-- Instructions to follow --
Nothing outside the range below should be printed. Output exactly the lines from the line with "Manu Men Self" to the line with "Câble d'alimentation blanc", both included.

-- Source data --
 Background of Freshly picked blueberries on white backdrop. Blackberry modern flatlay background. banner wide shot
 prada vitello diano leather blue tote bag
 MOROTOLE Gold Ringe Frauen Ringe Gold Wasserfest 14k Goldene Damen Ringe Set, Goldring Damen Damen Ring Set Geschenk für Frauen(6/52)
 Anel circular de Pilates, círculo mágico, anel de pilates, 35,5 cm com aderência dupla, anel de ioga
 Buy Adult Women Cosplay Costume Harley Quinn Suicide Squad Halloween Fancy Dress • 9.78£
==
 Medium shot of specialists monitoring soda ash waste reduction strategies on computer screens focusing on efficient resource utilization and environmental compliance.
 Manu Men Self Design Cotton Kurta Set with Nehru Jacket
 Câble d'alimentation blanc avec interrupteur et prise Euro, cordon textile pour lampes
---
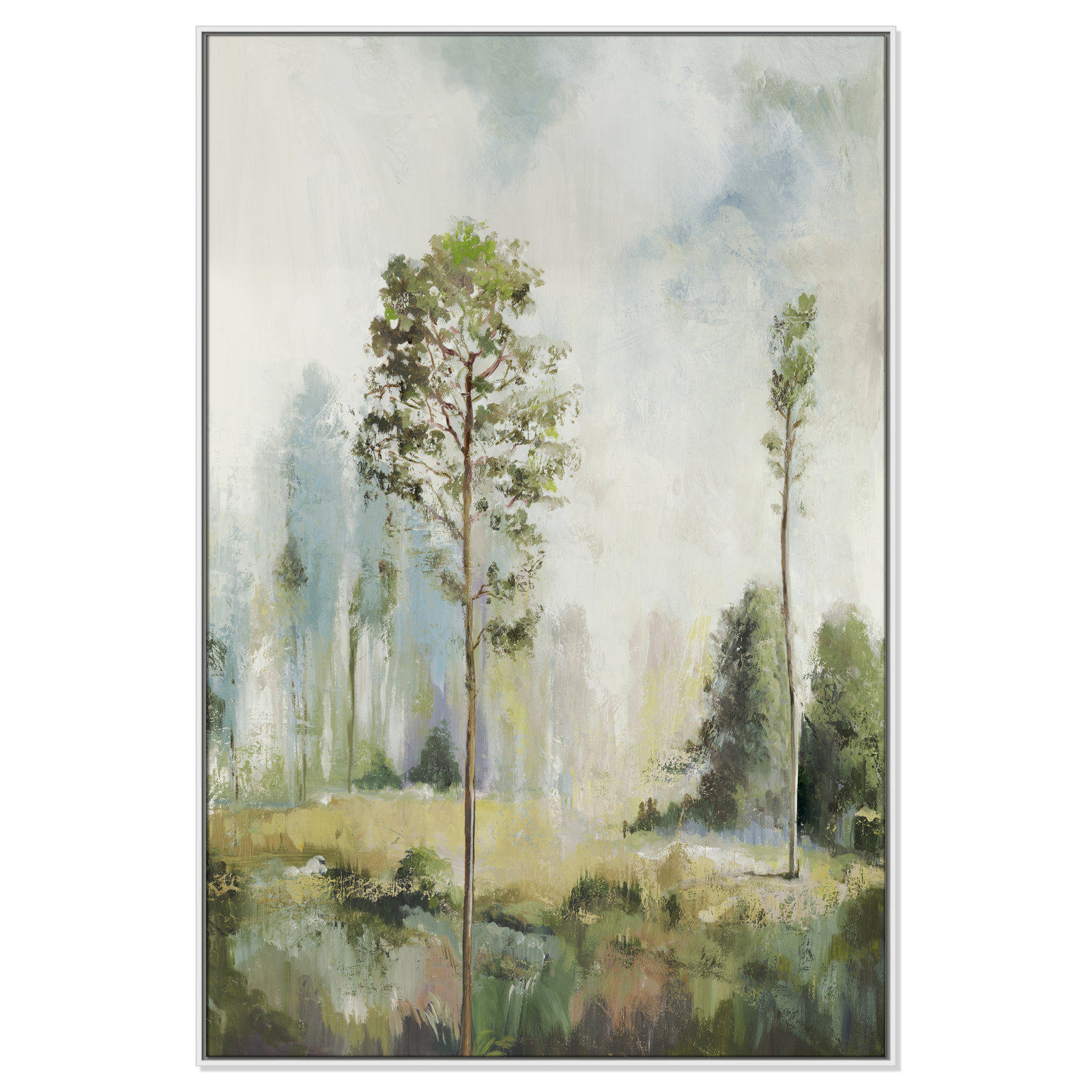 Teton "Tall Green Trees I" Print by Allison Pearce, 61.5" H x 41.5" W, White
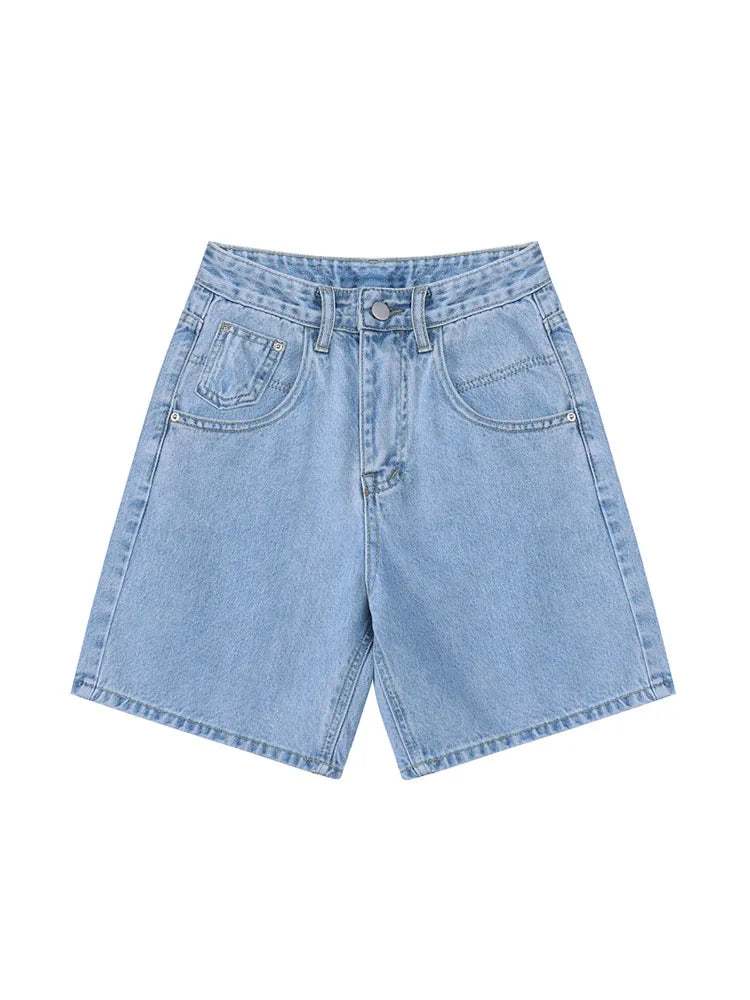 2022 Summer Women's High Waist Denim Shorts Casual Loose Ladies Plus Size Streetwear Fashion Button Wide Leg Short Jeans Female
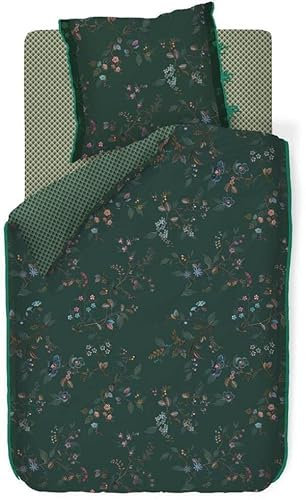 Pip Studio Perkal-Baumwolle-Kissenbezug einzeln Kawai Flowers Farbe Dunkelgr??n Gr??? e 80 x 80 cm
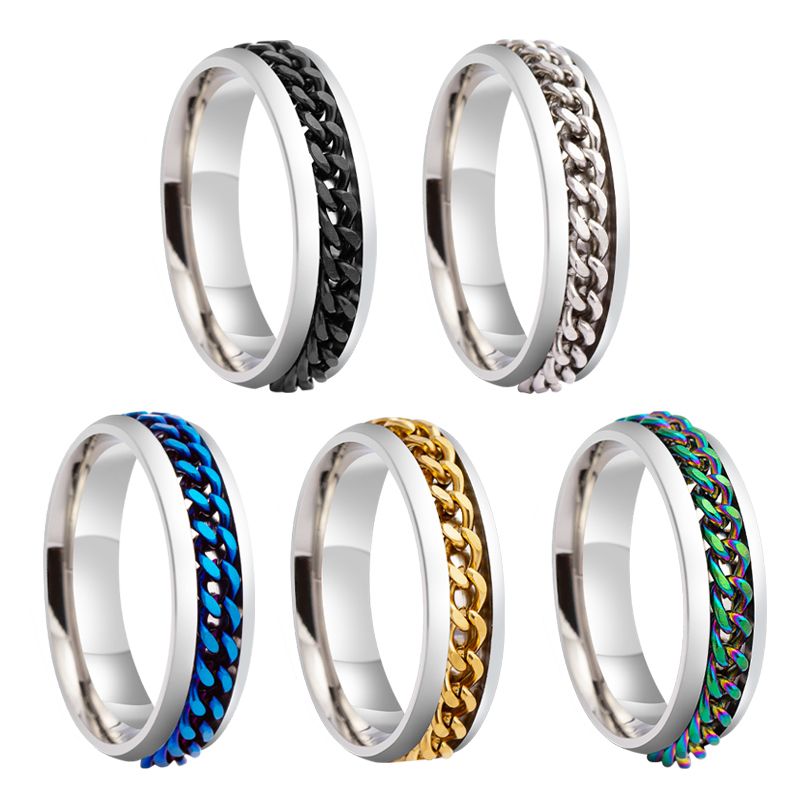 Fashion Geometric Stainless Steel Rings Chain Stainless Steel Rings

-- Expected output --
 Manu Men Self Design Cotton Kurta Set with Nehru Jacket
 Câble d'alimentation blanc avec interrupteur et prise Euro, cordon textile pour lampes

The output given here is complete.